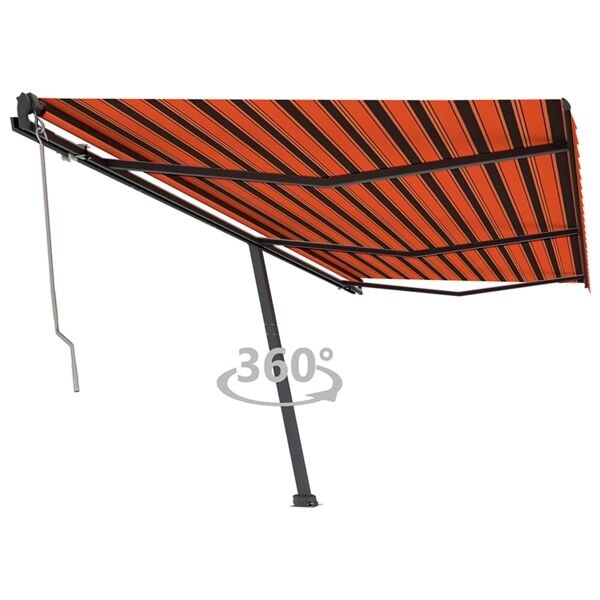 vidaXL Fristående automatisk markis 600x350 cm orange/brun Flerfärgsdesign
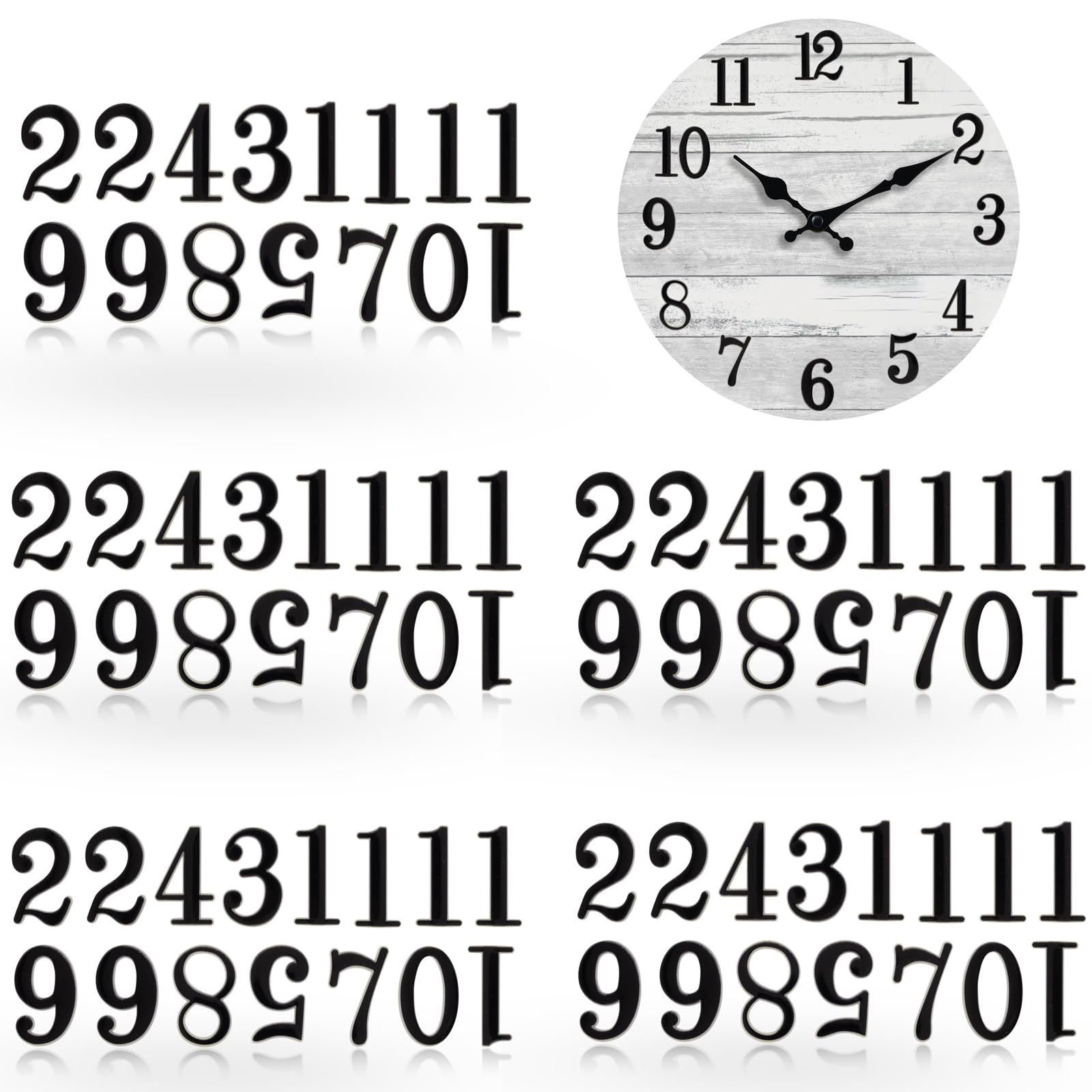 Photo 1 of 75 PCS Clock Numerals Kit 2 Inch DIY Digital Clock Numbers Arabic Clock Numbers for Clock Hands Replacement Parts Clock Accessories Home Art Décor (5 Set, Black)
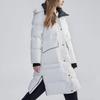 Fila Solid Color Long Hooded Casual Down Jacket Women Outerwear Off-White F11W344912F-WT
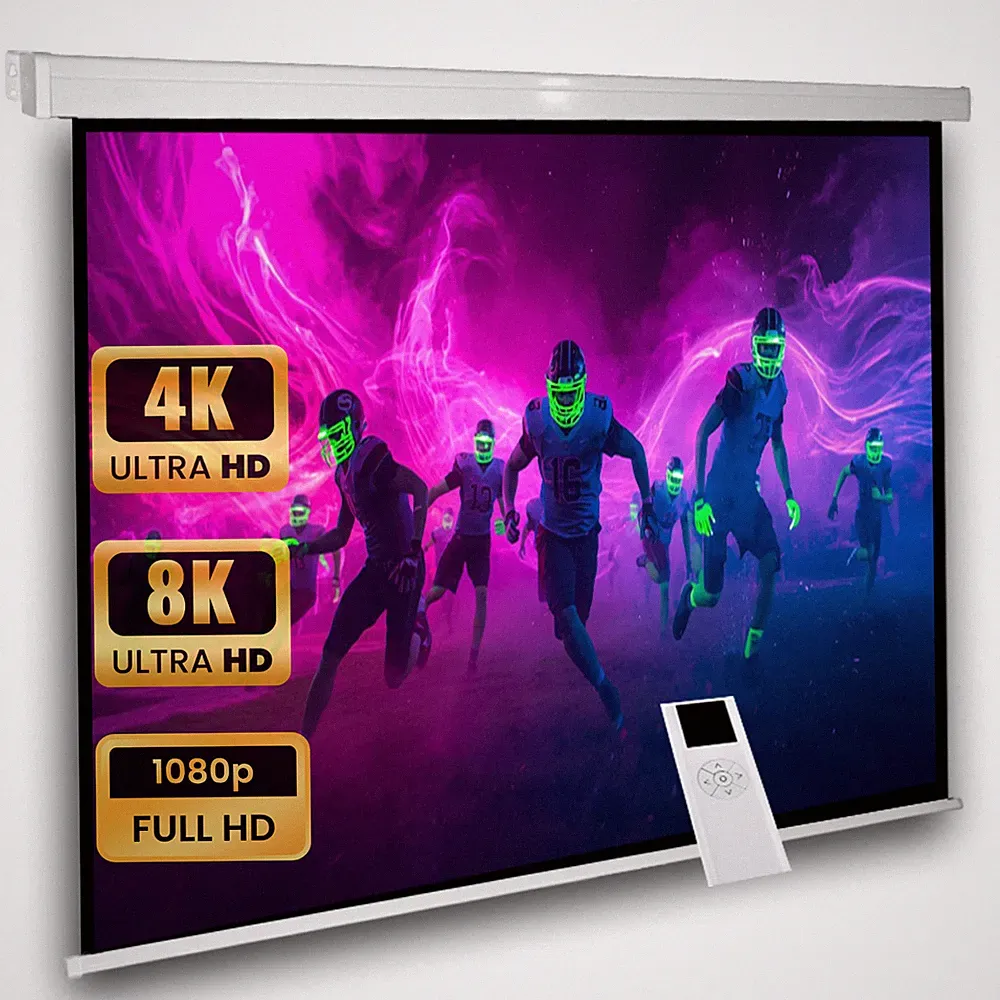 Avlux Heimkino Beamer Motor Leinwand 180 x 180 cm 1:1 4:3 16:9 mit Fernbedienung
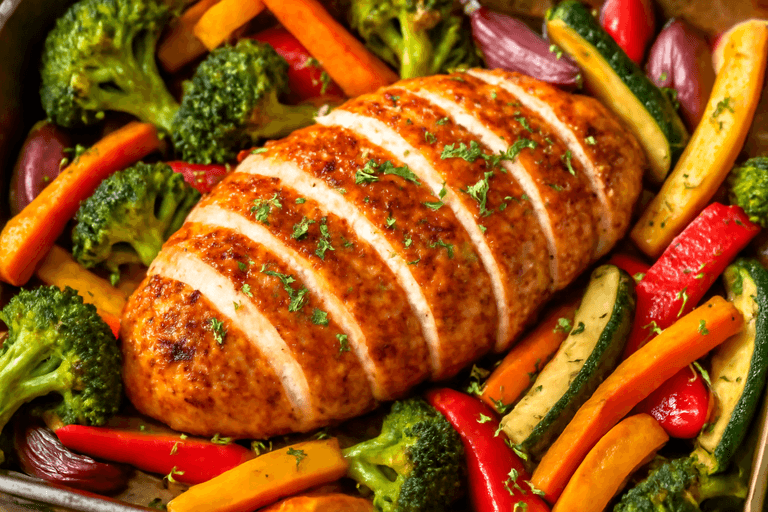 Leichtes Hähnchen-Gemüse-Blech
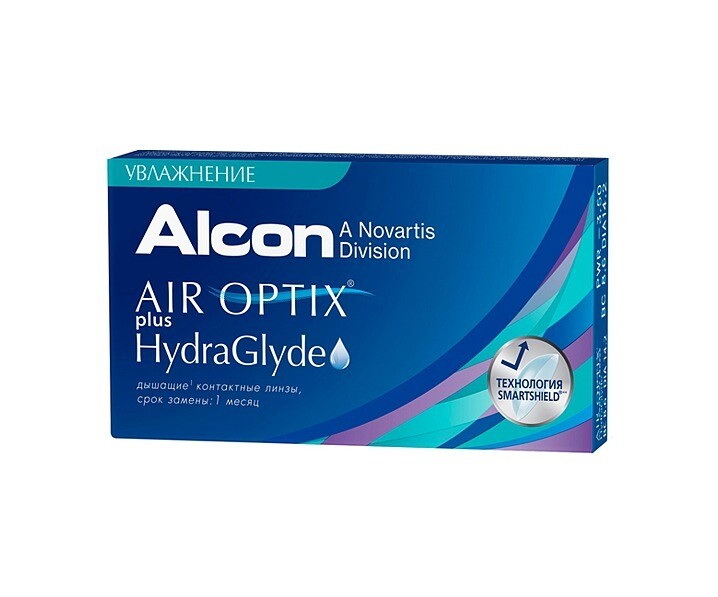 Alcon Air Optix plus HydraGlyde 30тиднев контактные линзы D 14.2/R 8.6/ -1.50 N 3
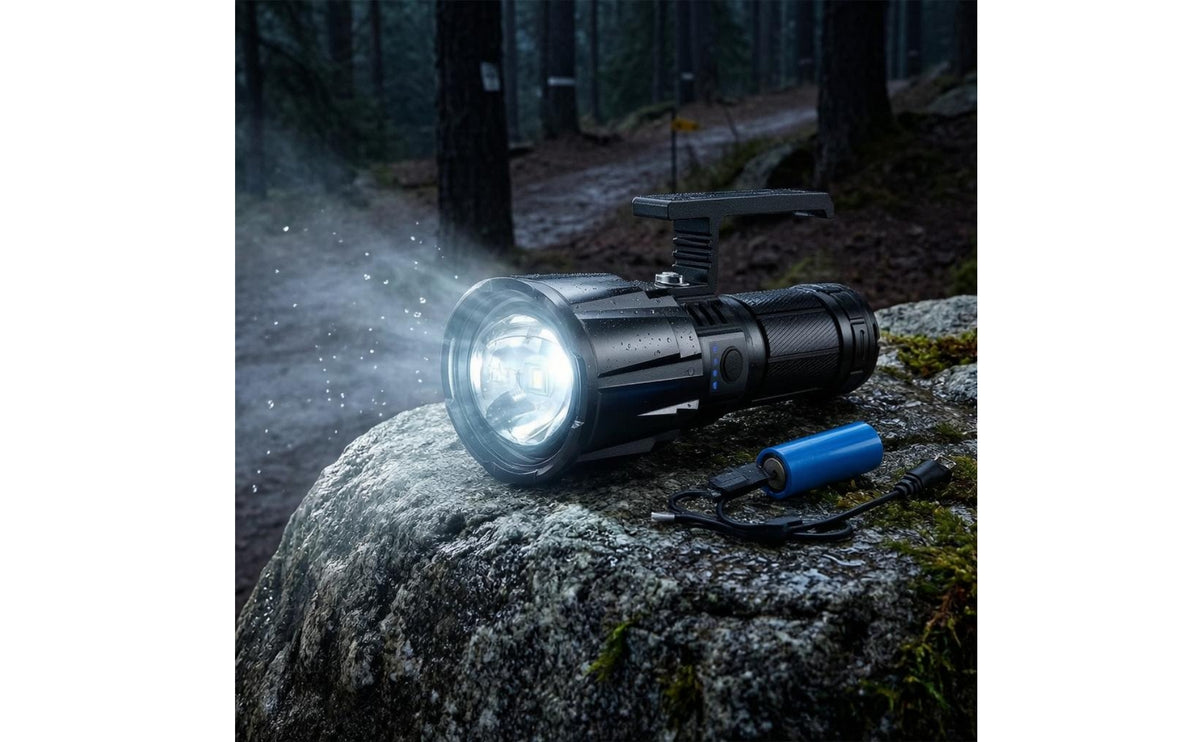 Battery Indicator Rechargeable Handheld Searchlight Side Button Zoom Searchlight Shoulder Strap Portable LED Beam Light Charging Cable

================

▸ **WORK TO COMPLETE**:
Could you output the listing word for word, omitting every picture?

▸ **SOLUTION**:
 vidaXL Fristående automatisk markis 600x350 cm orange/brun Flerfärgsdesign
 Photo 1 of 75 PCS Clock Numerals Kit 2 Inch DIY Digital Clock Numbers Arabic Clock Numbers for Clock Hands Replacement Parts Clock Accessories Home Art Décor (5 Set, Black)
 Fila Solid Color Long Hooded Casual Down Jacket Women Outerwear Off-White F11W344912F-WT
 Avlux Heimkino Beamer Motor Leinwand 180 x 180 cm 1:1 4:3 16:9 mit Fernbedienung
 Leichtes Hähnchen-Gemüse-Blech
 Alcon Air Optix plus HydraGlyde 30тиднев контактные линзы D 14.2/R 8.6/ -1.50 N 3
 Battery Indicator Rechargeable Handheld Searchlight Side Button Zoom Searchlight Shoulder Strap Portable LED Beam Light Charging Cable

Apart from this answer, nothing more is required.